O método platônico foi descrito de forma insuperável por Edgar Allan Poe no ensaio “A Filosofia da Composição”, de 1846: “Todo enredo, para ser digno desse nome, deve ser elaborado até seu desfecho, antes que se encoste a pena ao papel. É apenas com o desfecho constantemente em vista que podemos conferir a um enredo seu indispensável ar de consequência ou causalidade”. Segundo a filosofia de Poe, um barco não deve zarpar sem saber a que porto se dirige: o enredo já existe na mente do autor, e o ato da escrita apenas o recupera — assim como, na teoria platônica, a alma relembra as Ideias que vislumbrou antes de vir à Terra. Já o método aristotélico se parece mais a uma investigação, ou uma jornada sem rumo certo. O ato de escrever não reproduz uma ideia pronta, mas é simultâneo à própria criação: como um barco que explora mares desconhecidos e vai descobrindo novos arquipélagos pelo caminho.

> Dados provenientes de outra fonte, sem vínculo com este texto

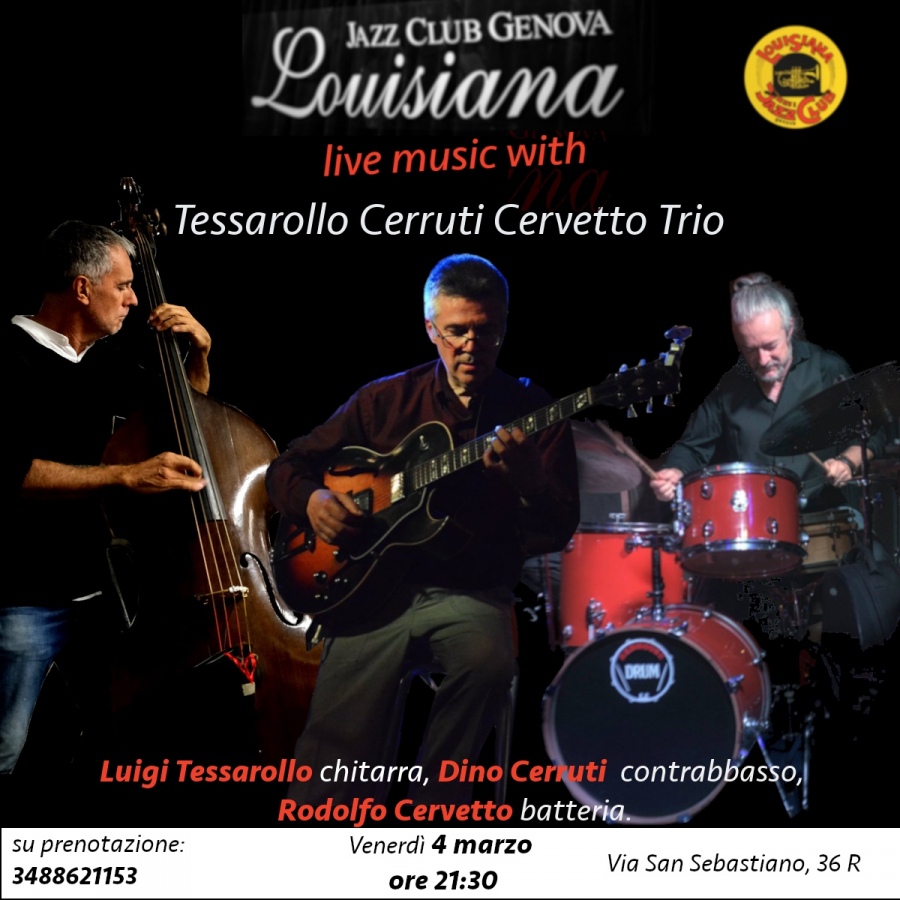 Il Trio Tessarolo Cerruti Cervetto. Venerdì 4 marzo al Louisiana J. C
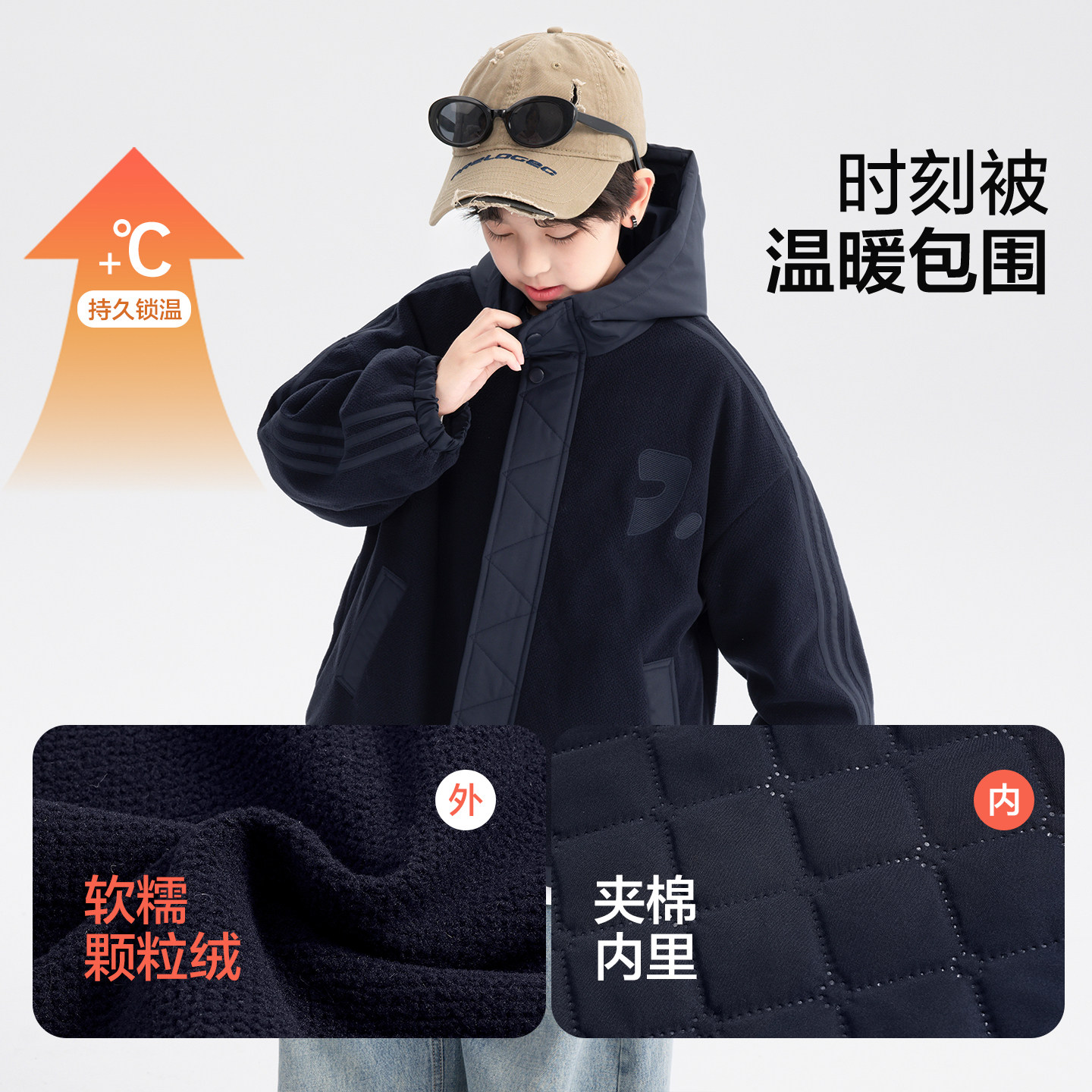 男童秋冬韩范摇粒绒拼接夹棉外套2025新款青少年儿童冬季加厚棉服,淘宝优惠券,粉丝福利购,淘宝优惠卷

Ambos os métodos têm virtudes e defeitos. O planejamento prévio evita incongruências, mas pode sufocar a imaginação; o improviso atiça a vivacidade, mas às vezes resulta em desfechos desengonçados. Muitos autores preferem um meio-termo. Jorge Luis Borges só se sentava para escrever um conto quando tinha o início e o fim na cabeça — mas improvisava nos estágios intermediários. J.R.R. Tolkien às vezes escrevia um capítulo sem saber o que aconteceria no próximo; mas, chegando ao fim de O Senhor dos Anéis, reescreveu o livro inteiro de trás para frente, aparando arestas — tudo isso antes de publicar o primeiro volume.
E eis aí, oh frustrados e frustradas de todo o mundo, o problema que nos concerne. Os livros da série Game of Thrones foram publicados enquanto o autor inventava a história: o improviso funcionou por milhares de páginas, mas eventualmente a maldição de Poe o apanhou. Impossíveis de serem amarradas, as pontas soltas acabaram enredando o próprio enredo — e o tropeço se transmitiu das páginas à tela. Não quero dizer, com isso, que o modus scribendi de Poe seja o único aceitável; mas o fracasso homérico da maior série de televisão do mundo moderno aponta uma verdade eterna, daquelas que ninguém despreza sem pagar um preço: toda história bem contada é um salto acrobático entre a liberdade e o rigor.